Why the world should care
The decision to lift sanctions from Berezkin seems strange. But the European Commission never explained its reasoning. Most likely, Berezkin, like other Russian businessmen, had support from Hungary. But that doesn’t fully explain it: Budapest is lobbying on behalf of a variety of rich Russians. In summer 2022, Western media (particularly Forbes and Politico) published articles that described Berezkin as the owner of the last independent media source in Russia — RBC — which could be shut down at any moment for its honest coverage of the war in Ukraine.
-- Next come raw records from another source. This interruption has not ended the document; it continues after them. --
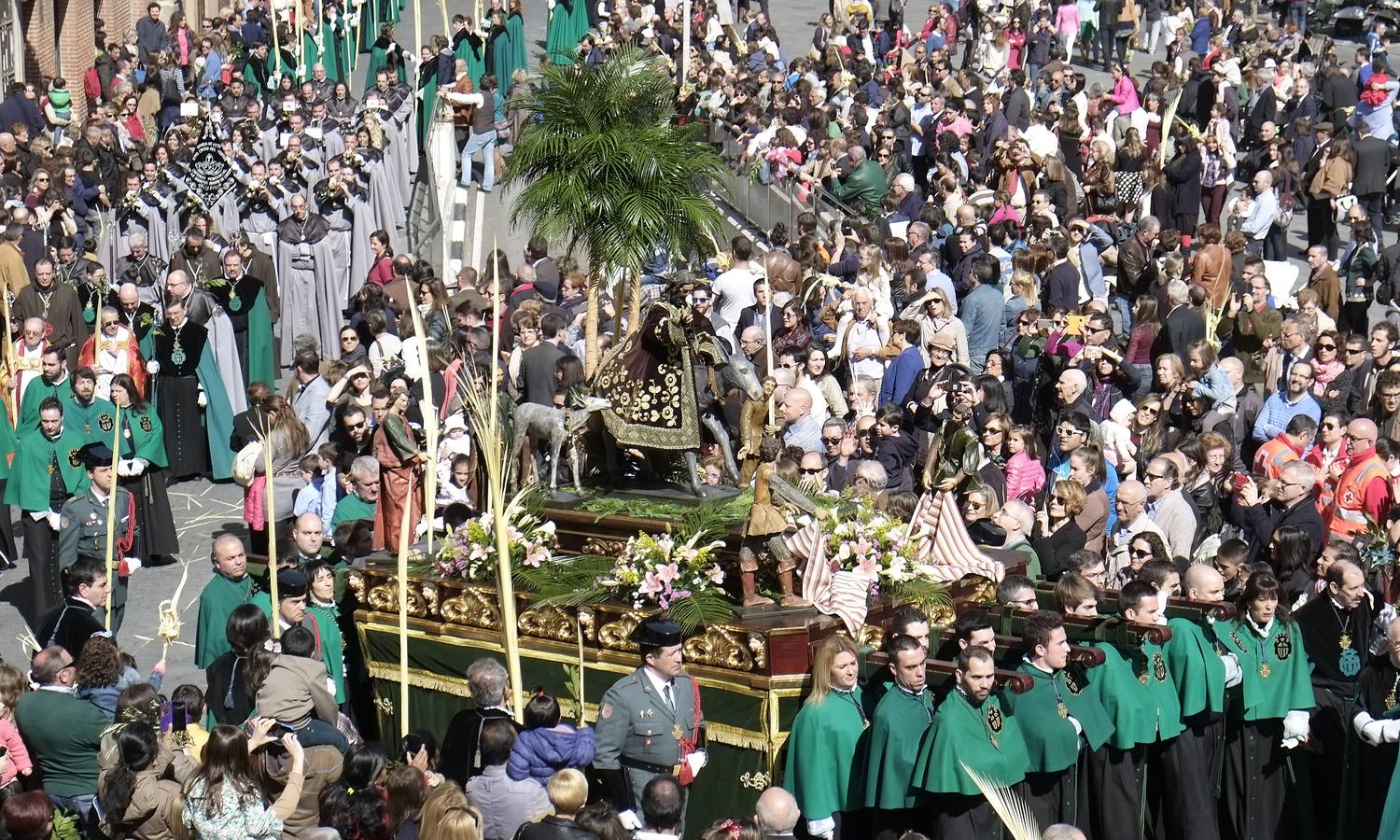 Multitudinaria procesión de las Palmas en Valladolid (1/2)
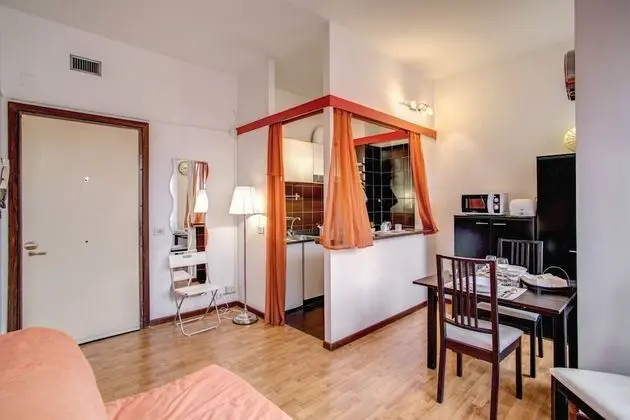 Apart Daire, 1 Yatak Odası (Via Appia Nuova 37)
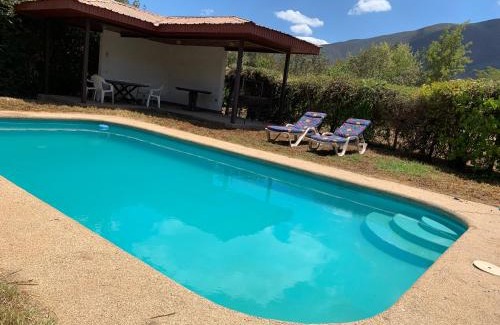 Olmue Maison | Casa tranquila y central con piscina en Olmué
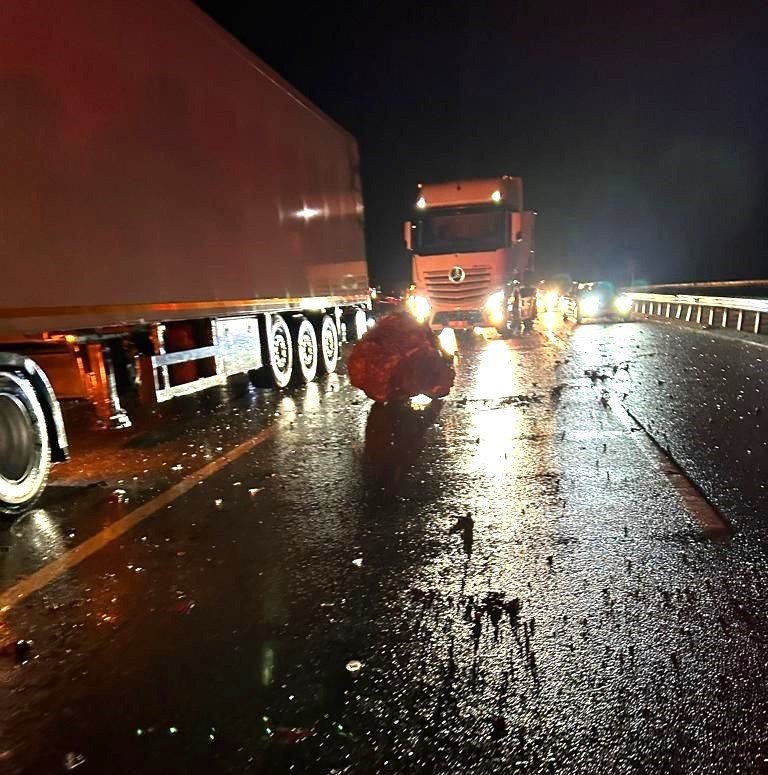 Kütahya’da sağanak yağış nedeniyle yola düşen dev kayalar korkuttu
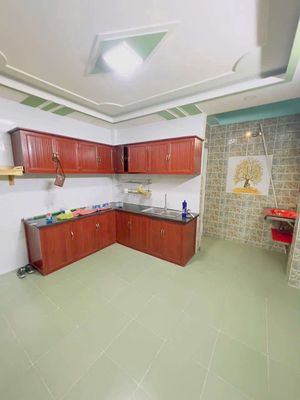 Rent a nice clean house. Three-five-and-a-half cars. 1122 Quang Trung Gò Vấp-15 million.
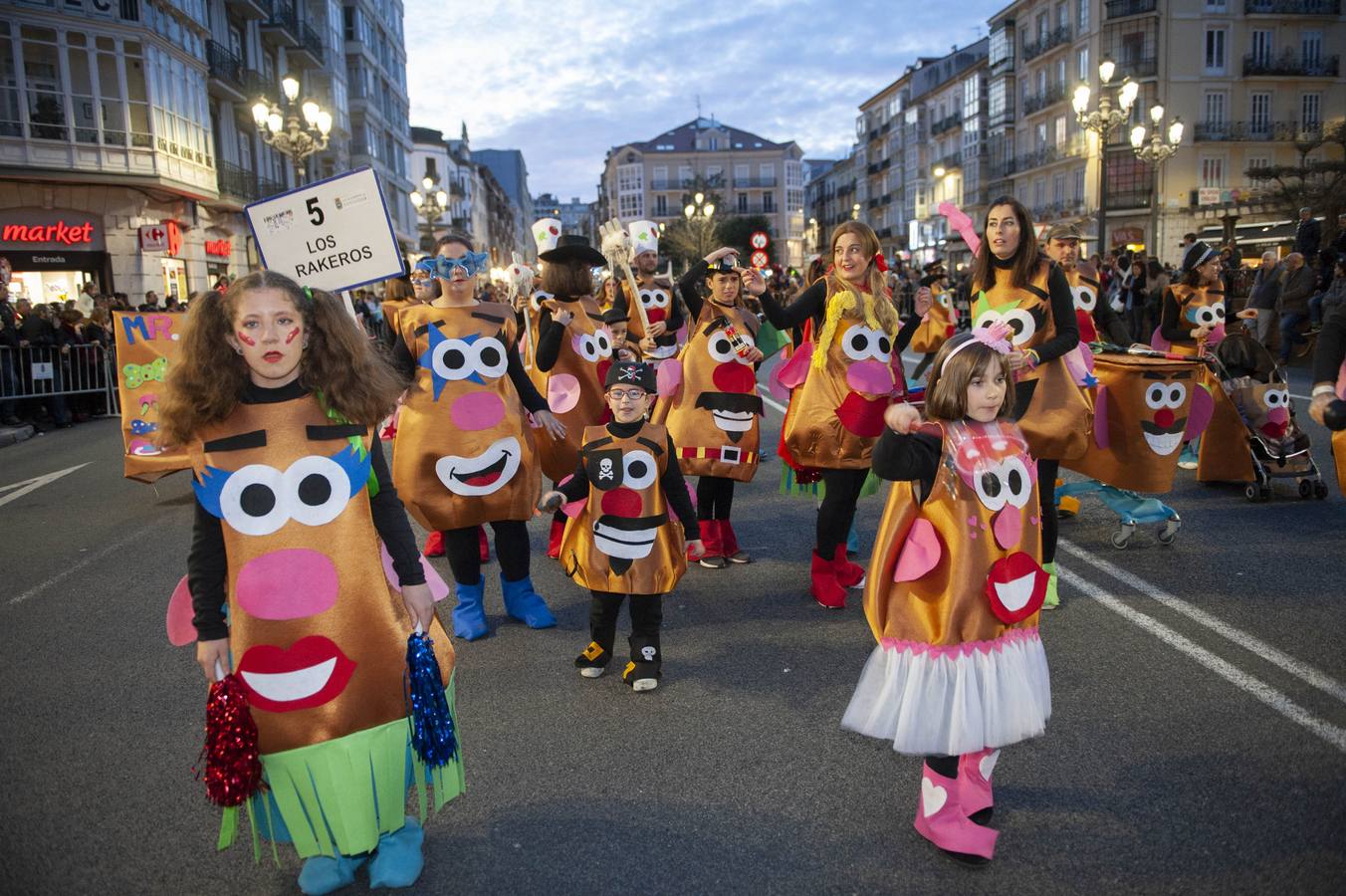 La capital cántabra se vuelca con la celebración del carnaval.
This was not true: RBC is not a propaganda site, but it carefully follows all the rules laid down by the Russian authorities and maintains relations with the Kremlin. It wasn’t hard to uncover the writers’ connections with international lobbying groups.
We don’t know the reasons for this. But the key signal that Russia’s elite will take away from the EU’s decision will be that escaping sanctions is possible. There’s no need to help Ukraine or speak out against the war if secret lobbying and corruption can succeed. There is no other explanation for the removal of sanctions from a man who purchased media organizations on behalf of a friend of Putin. Meanwhile, European officials earned positive coverage for cracking down on Russian cars, when tourists have long been unable to visit anyway.